Sciences Po, c’est un rêve. Un rêve qui se paie cher. Le mercredi ou le samedi, Pierre (qui n’a pas souhaité donner son nom de famille), en terminale dans un grand lycée parisien, enchaîne ses cours avec la prépa. Pour offrir à leur fils une chance supplémentaire d’intégrer un Institut d’études politiques, ses parents ont déboursé 2000 euros. Parce que Pierre a de l’ambition. « Je voudrais faire l’IEP de Paris. Dans ma classe, précise Pierre, on est huit à suivre une prépa privée, sans compter tous ceux qui présenteront Sciences Po sans. » Des candidats comme Pierre, la petite douzaine de classes préparatoires privées ou de prépas à distance en accueille des centaines à cette rentrée.

Pourquoi un tel investissement pour pouvoir rejoindre la rue Saint-Guillaume, à Paris, ou l’un des huit Instituts d’études politiques (IEP) qui se trouvent en région? « Pour la renommée, le prestige. Et puis, ces études sont hyper-généralistes », précise le lycéen. Pour sa mère, passée par l’IEP de Paris dans les années 1980, « il est devenu aujourd’hui quasi impossible d’entrer à Sciences Po. Quand je vois ce qu’il faut faire pour passer l’examen, c’est de la pure folie ! » En juin 2012, ils seront au total près de 35 000 bacheliers à se presser aux concours et aux différentes voies d’accès qui mènent aux 3 500 places des neuf IEP. Alors évidemment, réussir devient de plus en plus difficile.

La barre d’admission à franchir au concours commun à six IEP ne cesse de monter depuis quatre ans et le lancement de ce dispositif (Bordeaux, Grenoble et Paris gardent leurs épreuves). Même une mention très bien au bac ne garantit plus une entrée! « Pour 18 places réservées à ces mentions, nous avons eu 600 demandes en cinq jours, cet été, à Sciences Po Rennes », relève Patrick Le Floch, son directeur.

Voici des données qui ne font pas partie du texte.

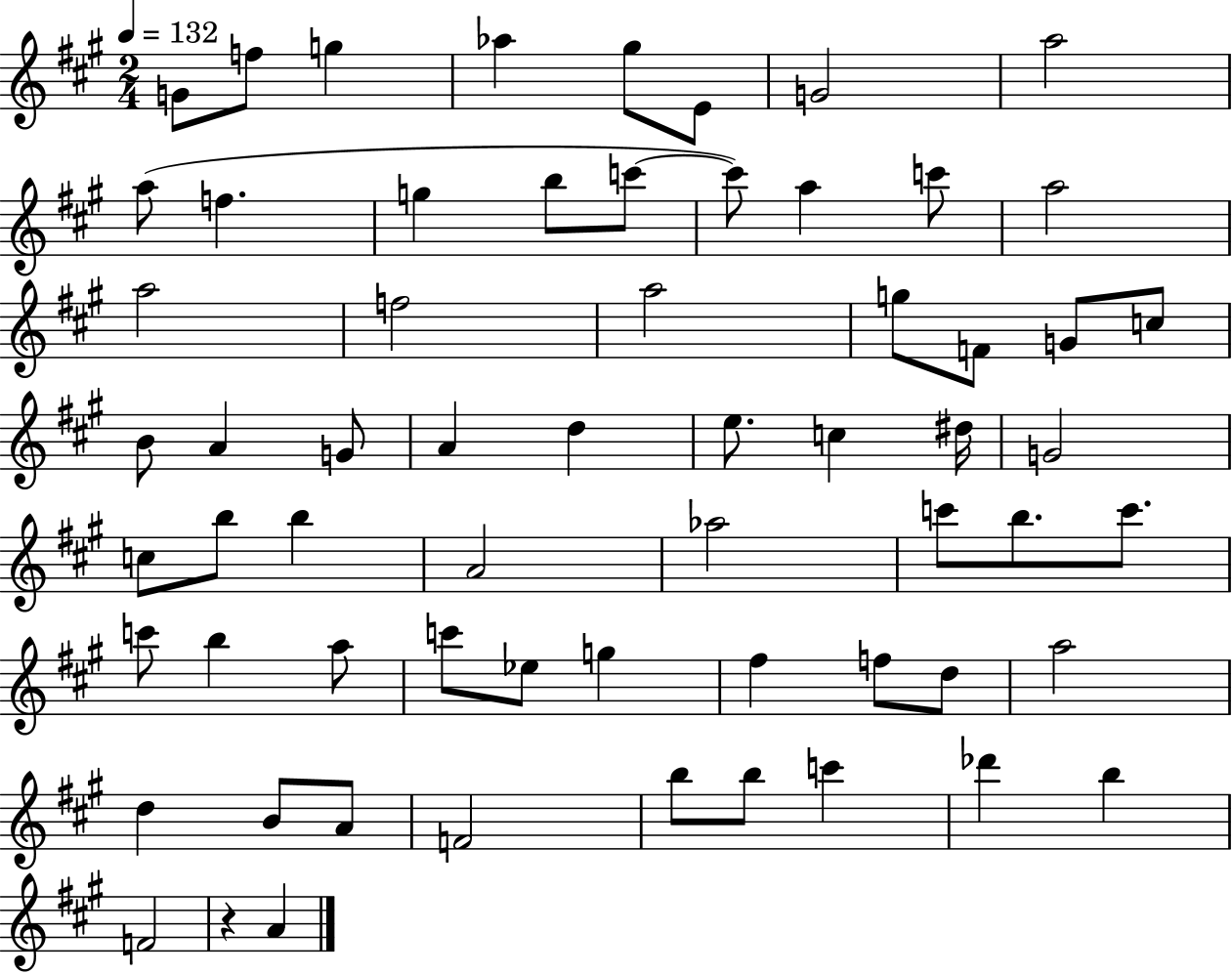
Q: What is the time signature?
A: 2/4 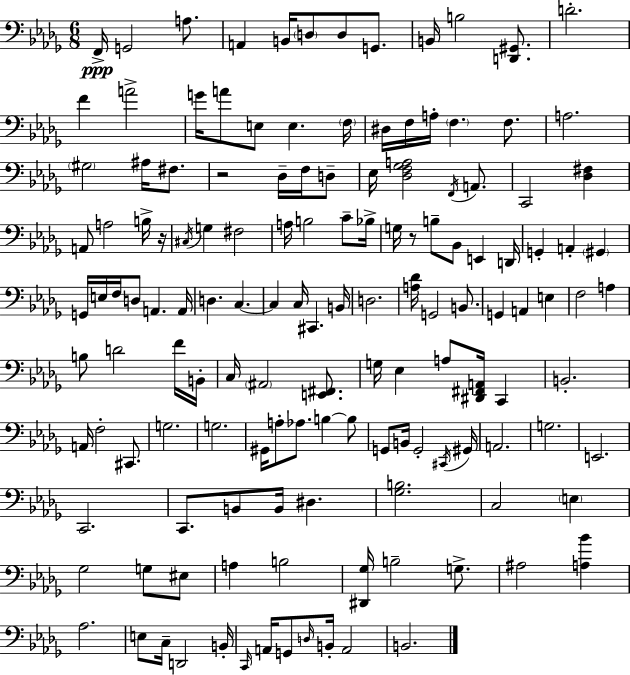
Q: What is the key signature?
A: BES minor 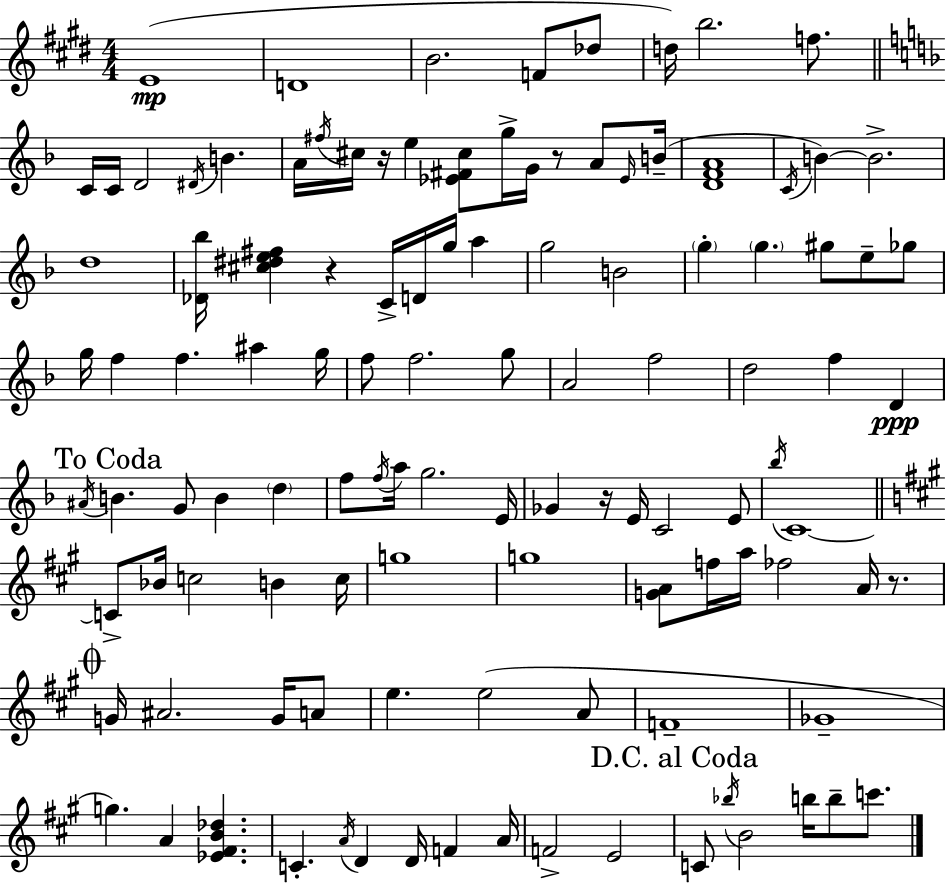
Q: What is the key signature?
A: E major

« A Lille, notre double diplôme avec l’université du Kent attire à lui seul 500 candidats pour 35 places », constate Pierre Mathiot, le directeur de Sciences Po Lille. « Depuis quelques années, nous remarquons une forte augmentation des candidats aux IEP ». « Aujourd’hui, ils sont plus de 10 000 à se présenter au concours commun pour un millier de places », reprend M. Le Floch.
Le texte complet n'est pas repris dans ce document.